Starting with the line below that holds "Bellezza asiatica. Giovane" and stopping after the line that holds "A woman faces", transcribe the lines exactly, leaving out all pictures.

SOURCE DATA
════════════════════

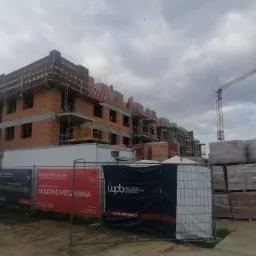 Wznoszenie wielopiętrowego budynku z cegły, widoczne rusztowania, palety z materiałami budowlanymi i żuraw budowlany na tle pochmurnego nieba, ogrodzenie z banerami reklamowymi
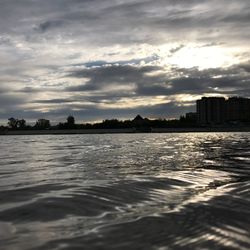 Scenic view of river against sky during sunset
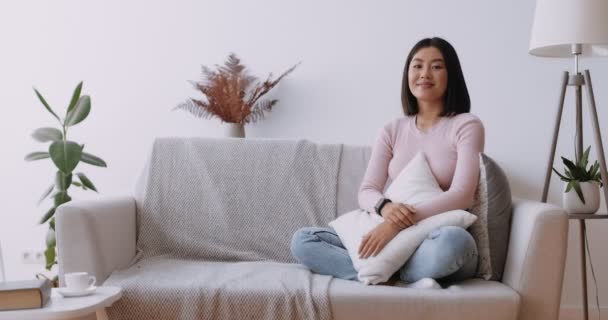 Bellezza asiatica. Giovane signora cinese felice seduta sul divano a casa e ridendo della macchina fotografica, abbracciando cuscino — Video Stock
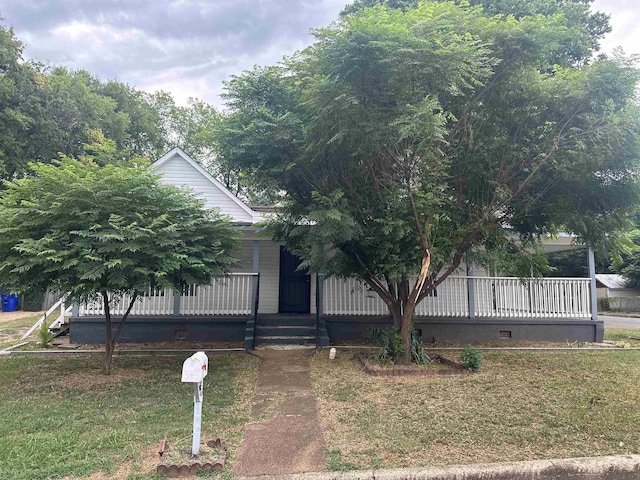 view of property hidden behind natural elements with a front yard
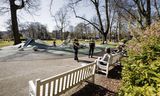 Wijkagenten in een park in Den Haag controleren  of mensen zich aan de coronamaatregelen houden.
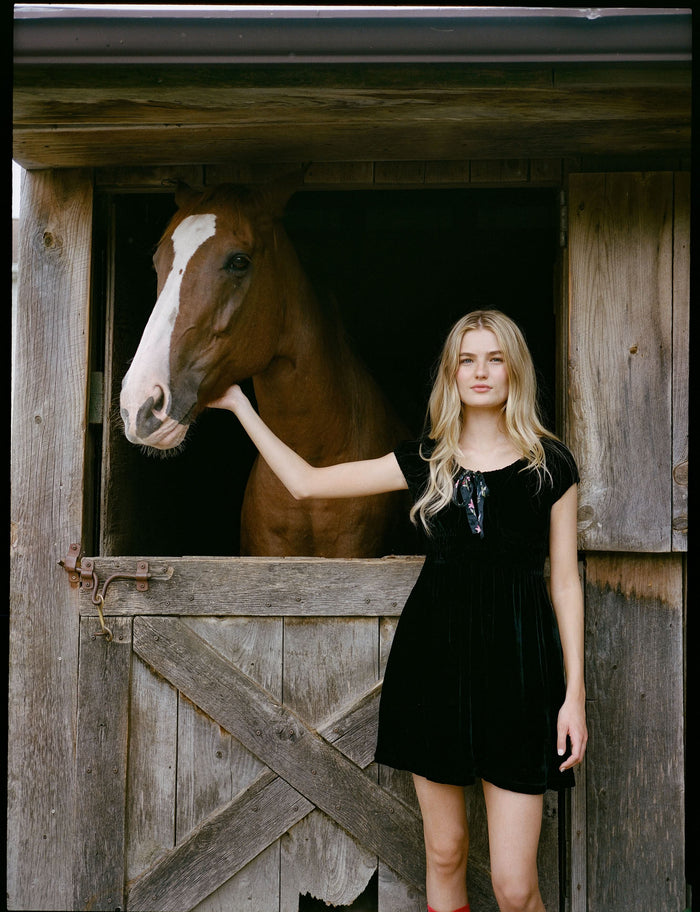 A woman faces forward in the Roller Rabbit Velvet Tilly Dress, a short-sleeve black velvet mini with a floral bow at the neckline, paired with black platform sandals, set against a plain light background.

════════════════════

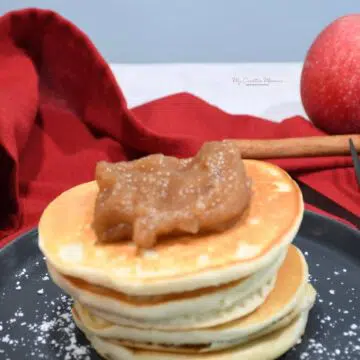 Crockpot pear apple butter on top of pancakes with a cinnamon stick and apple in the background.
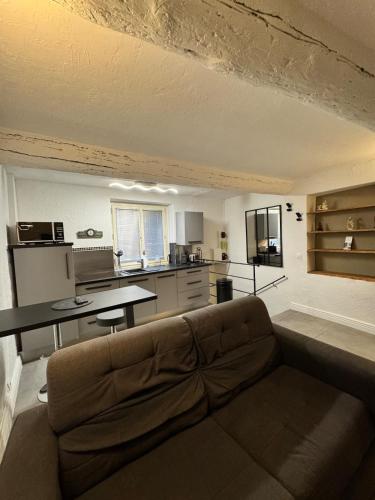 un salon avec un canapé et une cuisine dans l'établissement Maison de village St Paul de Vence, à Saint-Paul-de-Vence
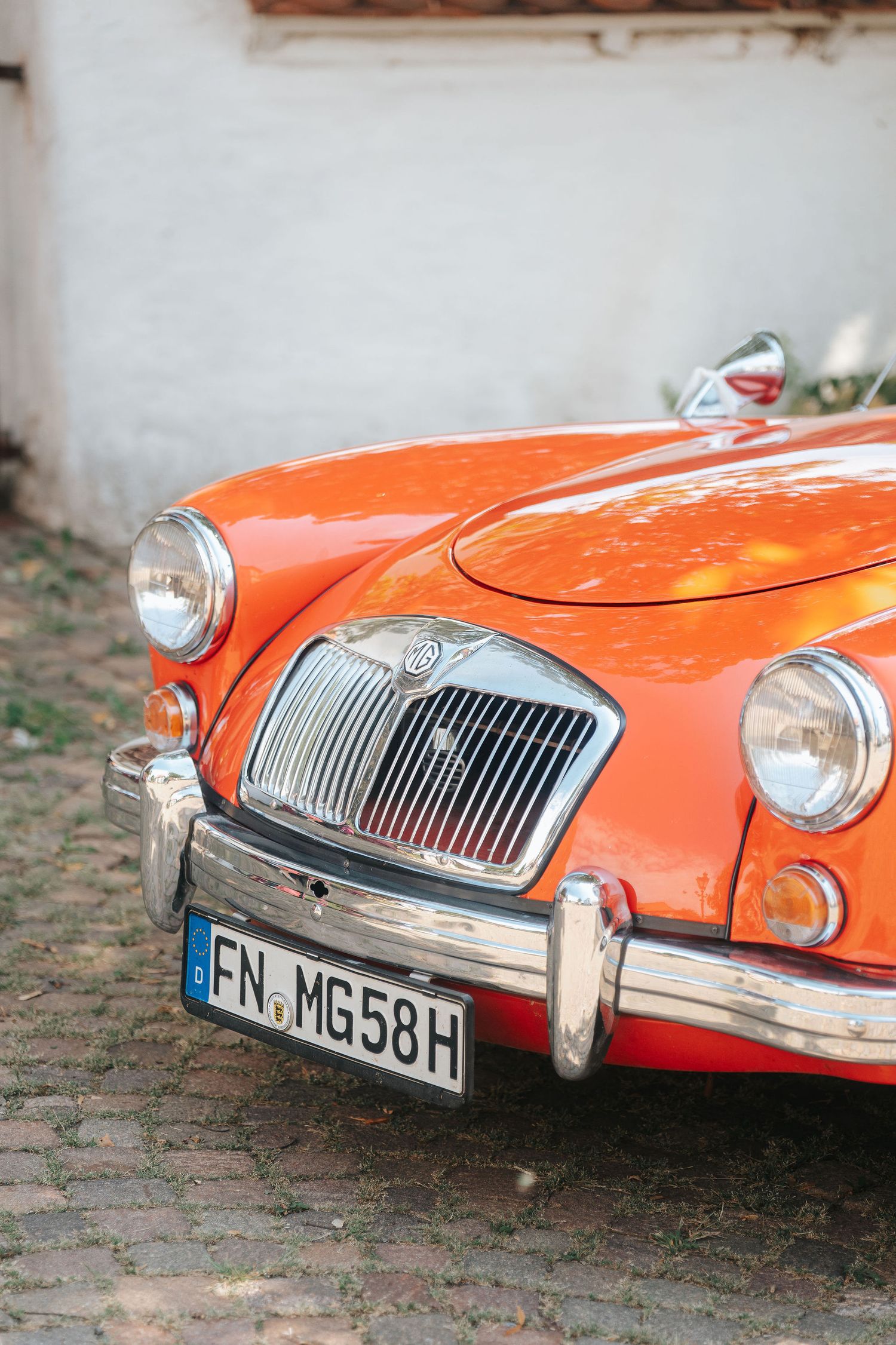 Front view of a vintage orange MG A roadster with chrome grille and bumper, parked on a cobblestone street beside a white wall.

════════════════════

ANSWER SECTION
 Bellezza asiatica. Giovane signora cinese felice seduta sul divano a casa e ridendo della macchina fotografica, abbracciando cuscino — Video Stock
 view of property hidden behind natural elements with a front yard
 Wijkagenten in een park in Den Haag controleren  of mensen zich aan de coronamaatregelen houden.
 A woman faces forward in the Roller Rabbit Velvet Tilly Dress, a short-sleeve black velvet mini with a floral bow at the neckline, paired with black platform sandals, set against a plain light background.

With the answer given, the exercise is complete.